Continuity of service / lock-in concerns#

When you’re relying on a service exposed by some other organization, you must hope that the service continues to be useful. Many academics have been burned when services discontinue.

This might happen for a number of reasons:

  • An internal service discontinues because the organization no-longer has capacity to manage it themselves. This is particularly challenging in the context of research funding, which tends to be “boom or bust”. You get a grant and are well-funded for 3 years. After it runs out, maybe you’ve got a few months of a gap without dedicated resources for infrastructure. What happens if your DevOps person’s salary depends on that grant?

  • An external service discontinues because the organization running it pivoted to a new model or cost structure. This is challenging because many cloud services are designed for enterprise, the research community. They are also not accountible to the research community, and do not give it direct representation or governing power over the direction of the services.

Moreover, when our workflows are not easily portable, it creates extra switching cost and strain on a researcher’s workflow. Many services (both external and internal) do not properly leverage pre-existing and modular tools to make it easy to switch (and why would they, if they’re optimizing for their own growth over the growth of the ecosystem).

Researchers need cost-sharing mechanisms for cloud infrastructure that is designed for them. This would allow them to pool their resources and ensure continuity and quality of service without relying on boom and bust cycles of single grants.[1] It would also allow them to support reliable and sustainable services that are designed for the unique problems that the research community has (like being a huge, globally-distributed, heterogeneous community with almost no top-down control and thousands of different workflows).

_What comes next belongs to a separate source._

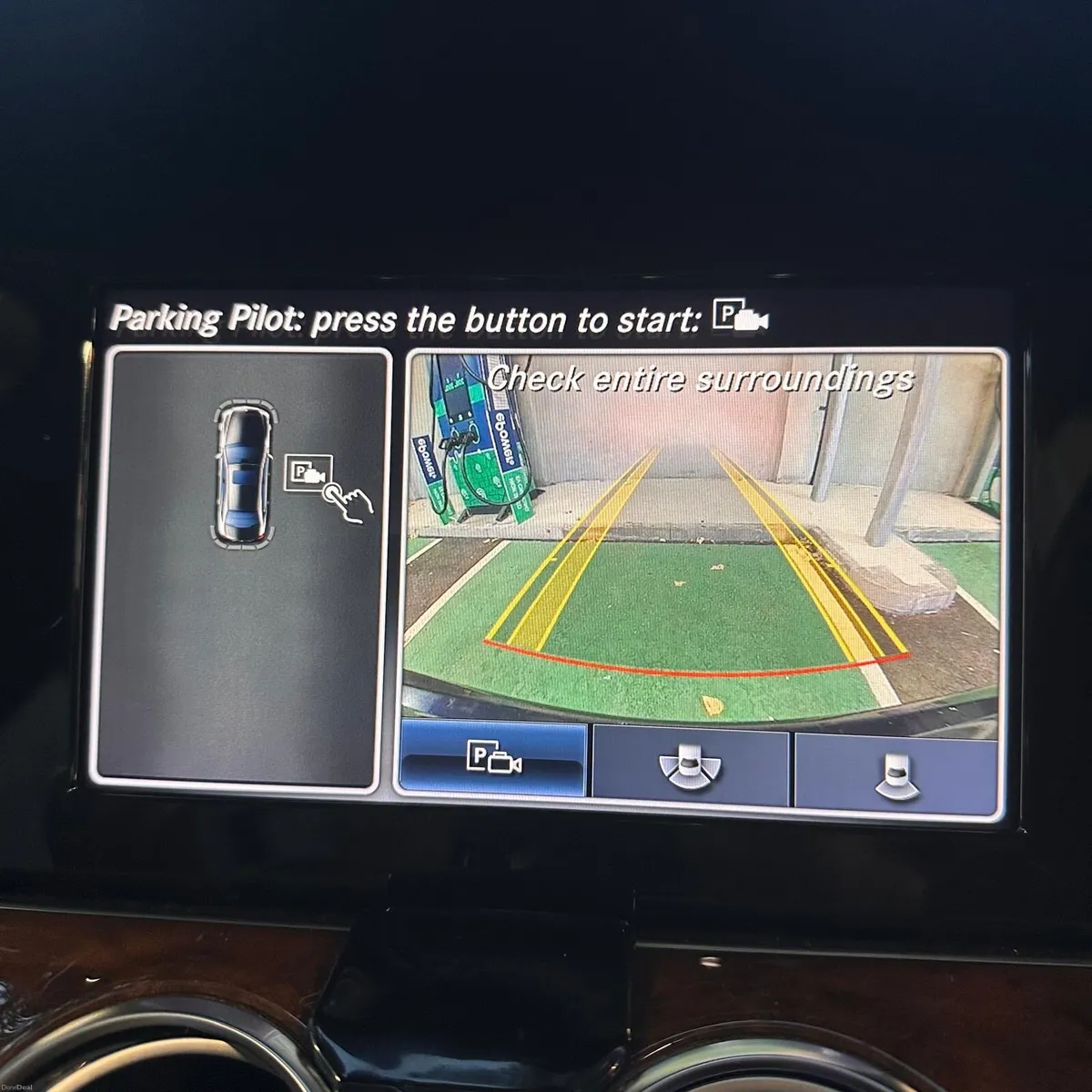 Mercedes e220d 2016 Avantgarde NCT 02/2028 - Image 2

Wrap-up: we need more cloud-native services for research#

Others shared a few examples of successful cloud services. For example, the CyVerse project was largely seen as helpful to academics, though it depended initially on NSF funding to support it and so did not develop a self-sustaining cost recovery model. Other projects like Pangeo have shown the value that hosted infrastructure can bring to distributed communities that wish to standardize on similar tools, workflows, and data.[2]

Ultimately, it sounds like what we need are a combination of two things:

  • More organizations that are dedicated to serving cloud infrastructure to the research community. These should experiment with various models of service delivery as well as cost recovery to provide stable and reliable services for many stakeholders.

  • More bureaucratic innovation at easing cloud workflows in large research organizations. These should reduce the artificial barriers to using and paying for cloud infrastructure, to make it easier for researchers to experiment with the cloud and learn how it can be most useful for their work.

I hope that 2i2c can help be a part of the solution here - I think there’s a lot of potential for impact!